This retreat inevitably undermined the gains which had been made
by the SLL. Inasmuch as the new forces were not grounded in great
international principles, reinforced by a clear understanding of
the world perspective, relations within the party inevitably
assumed an increasingly pragmatic character based on limited
tactical agreements centered on immediate goals ("Bring down the
Tory government"). Moreover, politically-unclarified members were
vulnerable to changes in the moods of different class forces to
which the leaders themselves, having failed to theoretically
comprehend the principal lessons of the struggles of the previous
period, began to adapt.
Thus, within a very short period of time, the SLL, beneath the
pressure of powerful class forces unleashed by the eruption of the
world capitalist crisis in 1971-73, began to develop rapidly in the
direction of centrism. This was the enormous price the Healy
leadership paid for the failure to keep the pledge it had made to
the Fourth International in 1961.
4. The Founding of the Workers Revolutionary Party
In 1973 the campaign was launched to transform the SLL into the
revolutionary party. This was an event which clearly had historic
implications for the International Committee of the Fourth
International. However, this was not the way in which this decision
was approached by the SLL leadership or explained to the rank and
file.
The founding of the Socialist Workers Party in 1938 was
preceded, under the supervision of Leon Trotsky, by the preparation
of hundreds of pages of documents which presented, first and
foremost, the historical foundations of
the American section of the Fourth International and its
international perspective. All the crucial questions of program and
principles were elaborated. The creation of a new revolutionary
party was conceived of as an historical conquest of the most
advanced sections of the proletariat, not as an episodic tactical
maneuver to facilitate recruitment. It was presented as the outcome
of a protracted international struggle within the communist
movement and the most advanced sections of the proletariat.

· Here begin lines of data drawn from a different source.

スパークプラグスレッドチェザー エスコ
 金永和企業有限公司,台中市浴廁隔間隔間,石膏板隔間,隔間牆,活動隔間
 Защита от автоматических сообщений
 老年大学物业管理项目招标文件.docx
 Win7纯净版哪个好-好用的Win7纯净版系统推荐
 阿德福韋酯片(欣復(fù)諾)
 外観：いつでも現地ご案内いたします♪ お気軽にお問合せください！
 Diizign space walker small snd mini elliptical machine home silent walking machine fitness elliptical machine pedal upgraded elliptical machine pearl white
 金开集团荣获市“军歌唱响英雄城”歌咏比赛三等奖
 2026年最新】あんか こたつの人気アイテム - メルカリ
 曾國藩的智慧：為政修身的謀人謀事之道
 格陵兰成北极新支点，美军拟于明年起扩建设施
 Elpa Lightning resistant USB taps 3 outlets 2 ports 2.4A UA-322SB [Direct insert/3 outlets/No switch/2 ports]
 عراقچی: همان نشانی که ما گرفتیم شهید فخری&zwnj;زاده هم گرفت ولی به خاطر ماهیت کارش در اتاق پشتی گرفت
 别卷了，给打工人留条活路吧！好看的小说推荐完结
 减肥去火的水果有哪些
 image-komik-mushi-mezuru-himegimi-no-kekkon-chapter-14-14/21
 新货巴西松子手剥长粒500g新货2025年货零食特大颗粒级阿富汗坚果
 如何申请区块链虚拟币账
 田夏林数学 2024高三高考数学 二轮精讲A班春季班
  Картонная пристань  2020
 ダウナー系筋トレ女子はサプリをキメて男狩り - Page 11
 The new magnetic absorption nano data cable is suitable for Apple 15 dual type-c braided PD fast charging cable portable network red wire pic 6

The founding of the WRP, however, was explained in a very
different way. A Central Committee resolution, dated February 1,
1973, offered a perspective for the transformation of the SLL into
the party without even mentioning the central Trotskyist strategy
of the World Socialist Revolution. It did not state the basic
programmatic positions of the Fourth International, nor did it
relate the decision to found the party to the theoretical conquests
won in the struggle against Pabloite revisionism.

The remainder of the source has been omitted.